Mr FRYDENBERG (Kooyong—Minister for the Environment
and Energy) (15:00): It is funny—I can just say that we on this side are
not the only ones in this House who actually believe in clean coal. Listen to
this quote from the member for Grayndler, who said in this place:
One count was the Prime Minister suggesting that somehow I did not
support clean coal technology. If he cares to check my website, he will see at
least 73 speeches and press releases referring to support for clean coal
technology, including me as the major speaker at the clean coal conference, …
That is the alternative
Leader of the Opposition!
Now listen: we
understand on this side of the House that you need to be technology neutral. As
the Prime Minister has outlined, Australia is the largest coal exporter in the
world. Our coal is low in sulphur and low in ash. What we have seen right
throughout Asia is more than 700 of these high-efficiency low-emission power
stations. So we are absolutely serious about investigating the cost of doing
this in Australia. We understand that we have 24 coal-fired power stations, all
of which they wanted to close when they joined with the Greens to pass a motion
in the Senate to encourage the closure of coal-fired power stations.
Mr Thistlethwaite: What does your plan cost? Why
can't you answer it?
Mr FRYDENBERG: So we are absolutely serious
about clean coal technology.
This is what the
Chief Scientist of Australia, Dr Alan Finkel, said about clean coal technology:
…- existing coal and new coal – with CCS [carbon capture and storage] is
a very legitimate low emissions technology.
We are absolutely serious
about maintaining baseload power in the system. Those opposite have a 50 per
cent renewable energy target for which they do know what the cost is and they
do not know what the implications on the network are—and they do not even know
what it is called!
We on this side of
the House have a much different policy—we are technology neutral when it comes
to our policies. We will not go down the path of an emissions intensity scheme
and we are not going down the path of closing coal-fired power stations. We are
not going down the path of a 45 per cent emissions reduction target and we are
not going down the path of a 50 per cent renewable energy target.

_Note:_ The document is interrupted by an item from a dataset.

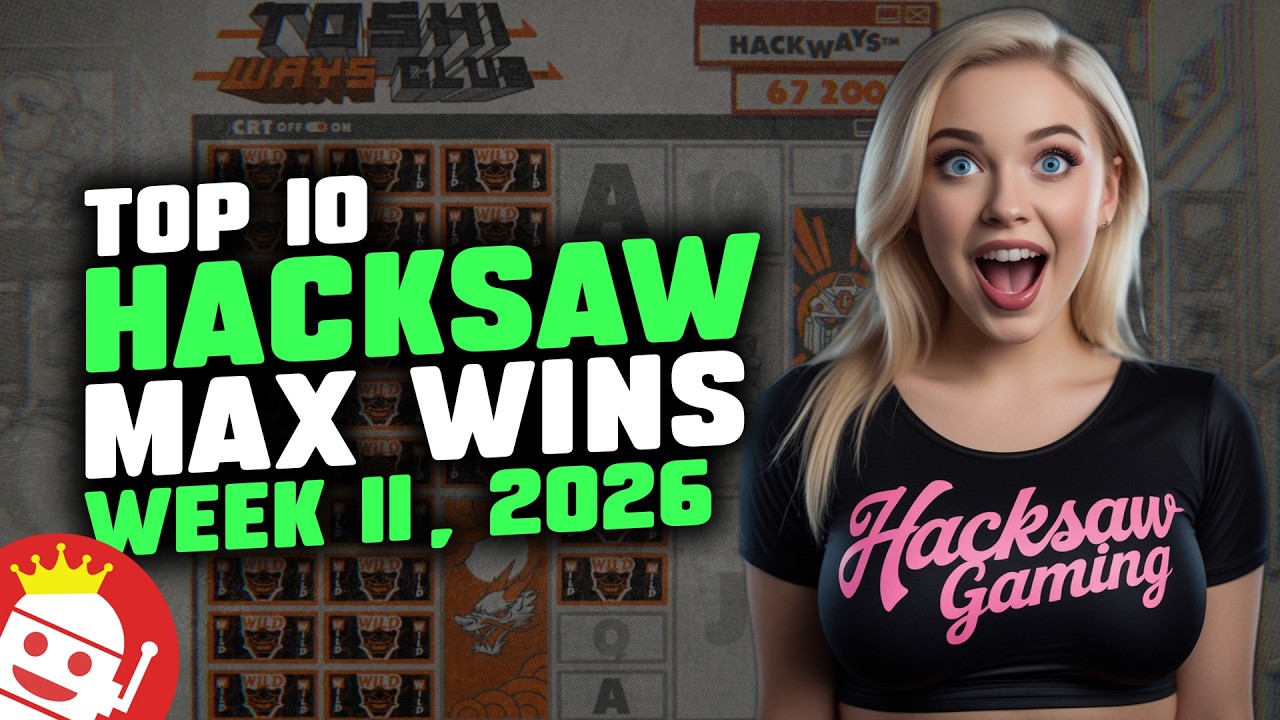 🔥 TOP 10 HACKSAW GAMING MAX WINS OF WEEK 11 / 2026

Mr Thistlethwaite: You can't answer it!
Mr FRYDENBERG: We are serious about investigating
clean coal technology.
I will just
finish: the CO2 Cooperative Research Centre in Melbourne looked at the
levelised cost of a new coal-fired power station and found that it could
actually be cheaper than gas and wind.
The SPEAKER: The only reason I have not asked
the member of the Kingsford Smith to leave the chamber—he knows he has been
interjecting and I have asked him a couple of times to cease interjecting—is
that he is not a serial offender in that regard. But he will not interject
again for the rest of question time.